The findings of linguistics, like the findings of any other theoretical study, can be applied to the solution of practical problems, as well as to innovations in everyday areas involving language. Such activities are the concern of applied linguistics.

Some of the many positive contributions of applied linguistics are the development of first and second language teaching methodologies; practical literacy work; the development of alphabets and grammars for unwritten languages; dictionary compilation (lexicography); the use of expert witnesses in legal cases involving language; the development of special teaching strategies for speakers of nonstandard English; and speech synthesis and speech recognition (described above).

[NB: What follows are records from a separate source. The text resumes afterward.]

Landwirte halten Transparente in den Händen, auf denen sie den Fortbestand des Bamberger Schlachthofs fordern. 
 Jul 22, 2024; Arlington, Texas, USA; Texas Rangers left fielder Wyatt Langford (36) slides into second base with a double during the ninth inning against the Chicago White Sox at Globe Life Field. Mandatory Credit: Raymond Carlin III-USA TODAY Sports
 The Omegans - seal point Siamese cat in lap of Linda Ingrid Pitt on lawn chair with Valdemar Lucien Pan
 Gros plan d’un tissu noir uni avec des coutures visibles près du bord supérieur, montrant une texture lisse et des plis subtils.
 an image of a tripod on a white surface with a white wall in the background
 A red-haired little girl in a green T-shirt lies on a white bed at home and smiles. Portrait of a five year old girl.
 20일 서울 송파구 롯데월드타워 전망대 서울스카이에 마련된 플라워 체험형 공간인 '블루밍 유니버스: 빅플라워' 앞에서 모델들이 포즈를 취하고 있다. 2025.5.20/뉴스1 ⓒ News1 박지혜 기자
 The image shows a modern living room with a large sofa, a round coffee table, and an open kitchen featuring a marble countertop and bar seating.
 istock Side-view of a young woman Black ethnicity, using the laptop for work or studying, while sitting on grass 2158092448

Chomsky, N. SYNTACTIC STRUCTURES. The Hague: Mouton, 1957.

Chomsky, N. LANGUAGE AND MIND. New York: Harcourt Brace Jovanovich, Inc., 1968.

Dulay, H., M. Burt, and S. Krashen. LANGUAGE TWO. New York: Oxford University Press, 1982.

Elgin, S.H. WHAT IS LINGUISTICS? 2nd ed. Englewood Cliffs, NJ: Prentice-Hall, Inc., 1979.

Fromkin, V., and R. Rodman. AN INTRODUCTION TO LANGUAGE. 2nd ed. New York: Holt, Rinehart and Winston, 1978.

Newmeyer, F.J. LINGUISTIC THEORY IN AMERICA. New York: Academic Press, 1980.

Slobin, D.I. PSYCHOLINGUISTICS. Glenview, IL: Scott, Foresman and Co., 1971.

Trudgill, P. SOCIOLINGUISTICS: AN INTRODUCTION TO LANGUAGE AND SOCIETY. Rev. ed. Harmondsworth, Middlesex, England: Penguin Books, 1983.

Wolfram, W., and D. Christian. DIALOGUE ON DIALECTS. Washington, DC: Center for Applied Linguistics, 1979.